Al-Wazir fordert schnellere Verfahren bei Infrastrukturvorhaben

Hessens Minister Al-Wazir (Grüne) verwies bei dem Festakt auch auf den Zugewinn für Nicht-Autofahrer: "Auch der Rad- und Fußverkehr wird mit gleich drei Rad- und Gehwegverbindungen über den Rhein profitieren." Der jahrelange Bau der Schiersteiner Brücke habe aber auch deutlich gemacht, dass es bei der Umsetzung wichtiger Infrastrukturvorhaben ein schnelleres Verfahren brauche.

Nach einem Jahrzehnt der Staus und Sperrungen wurden die beiden Brücketeile am Montagmorgen um 5 Uhr dann auch für den Verkehr freigegeben. Seitdem rollen zum ersten Mal Autos sechsspurig auf der neuen Doppelbrücke. Laut bundeseigener Autobahn GmbH ist fortan nicht mehr mit Stau zu rechnen.

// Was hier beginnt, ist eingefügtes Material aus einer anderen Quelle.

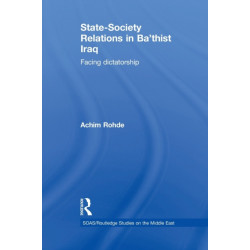 State-Society Relations in Ba'thist Iraq: Facing Dictatorship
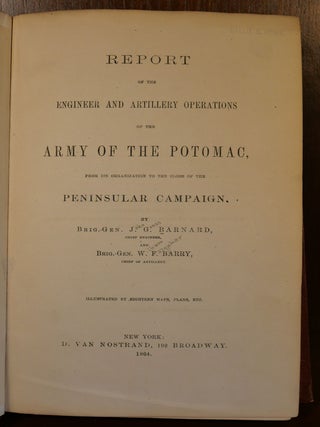 Report of the Engineer and Artillery Operations of The Army of The Potomac, From its Organization to the Close of the Peninsular Campaign SIGNED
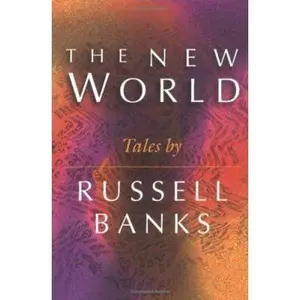 USED-NEW WORLD STORIES (Illinois Short Fiction) by Russell Banks (Paperback)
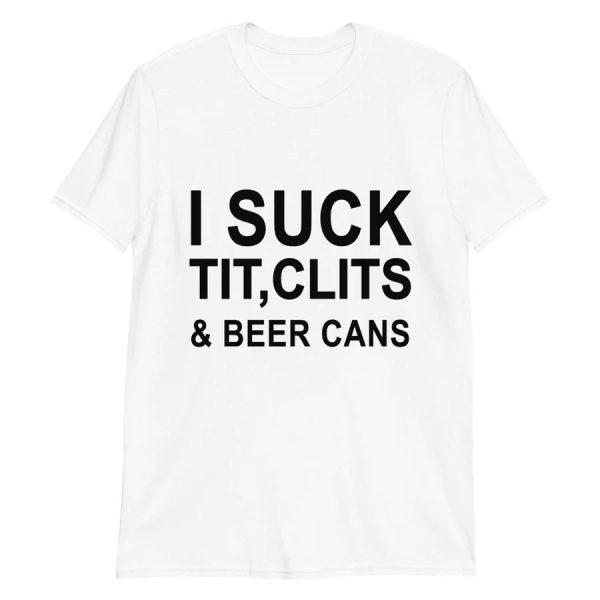 I Suck Tit, Clits & Beer Cans Shirt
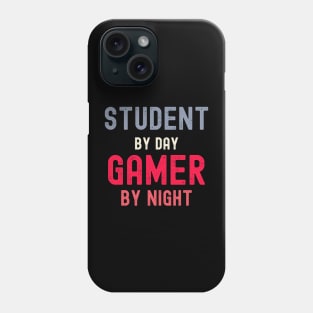 Student By Day Gamer By Night Meme For Gamers Funny Gaming Phone Case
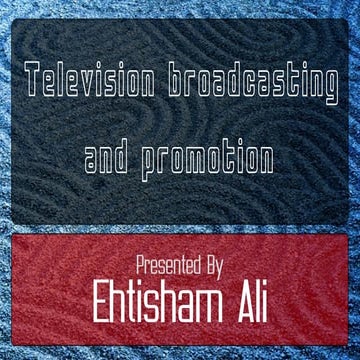 Television broadcasting and promotion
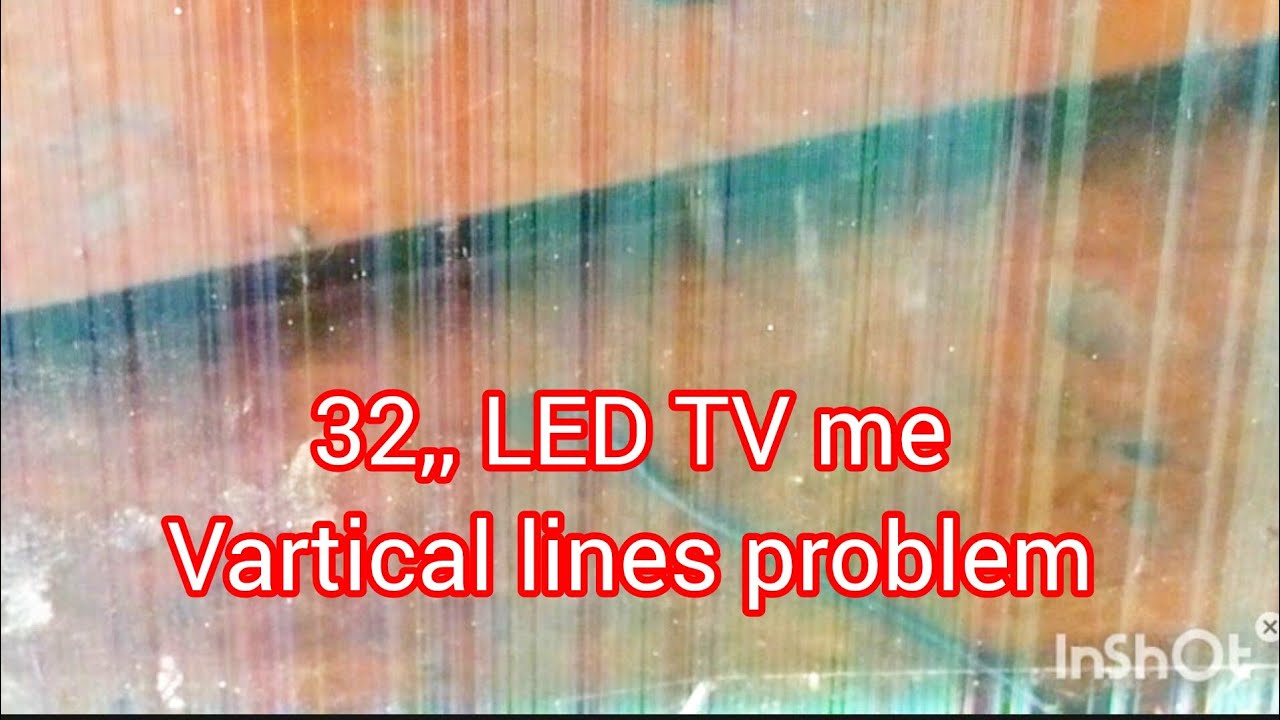 Led Line Errors #ledpanelrepair 32inch LED TV me #vartical lines problem solve and ...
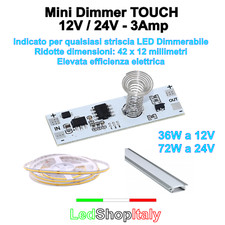 Dimmer Interruttore Touch a sfioramento per strisce led 12V 24V 3A compatto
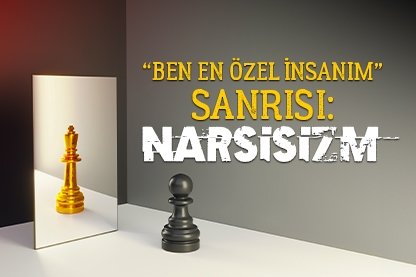 Ben en özel insanım sanrısı: Narsisizm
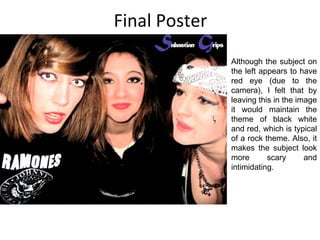 Final Poster Although the subject on the left appears to have red eye (due to the camera), I felt that by leaving this in the image it would maintain the theme of black white and red, which is typical of a rock theme. Also, it makes the subject look more scary and intimidating. 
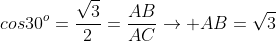 cos30^o=frac{sqrt3}{2}=frac{AB}{AC}
ightarrow AB=sqrt3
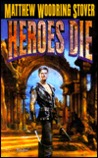 Heroes Die (Overworld, #1)
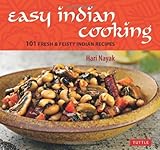 Easy Indian Cooking: 101 Fresh & Feisty Indian Recipes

Am Samstag und Sonntag war die A643 zwischen Wiesbaden-Äppelallee und Mainz-Gonsenheim nochmals voll gesperrt worden. Neben der Eröffnungsfeier mussten laut Autobahn GmbH zum Beispiel noch die Fahrbahnmarkierung aufgepinselt und Schilder aufgestellt werden.

Sie durchschnitten am Sonntag gemeinsam das symbolische Band: Volker Hans, Dezernat Fördermittelmanagement Stadt Mainz, Nino Haase (parteilos), Oberbürgermeister von Mainz, Gert-Uwe Mende (SPD), Oberbürgermeister von Wiesbaden, Tarek Al-Wazir (Grüne), Verkehrsminister von Hessen, Volker Wissing (FDP), Bundesverkehrsminister, Andy Becht (FDP), Verkehrsstaatssekretär in Rheinland-Pfalz, und Ulrich Neuroth, Direktor der Niederlassung West der Autobahn GmbH.

Wermutstropfen: Zum Teil bleibt Tempo 40

Ein Wermutstropfen bleibt nach der Brückeneröffnung: An einer Stelle auf der Mainzer Seite bleibt in eine Richtung Tempo 40. Wer von Wiesbaden Richtung Bingen oder Alzey fährt, muss sich nämlich in Mainz-Mombach durch eine S-Kurve schlängeln.

Die Schiersteiner Brücke besteht jetzt aus zwei Brücken über den Rhein. Die neue Brücke (rechts) wird Sonntag eingeweiht.

In der Kurve geht es nicht schneller, und das wird auch die nächsten Jahre so bleiben. In Gegenrichtung soll durchgehend Tempo 100 möglich sein.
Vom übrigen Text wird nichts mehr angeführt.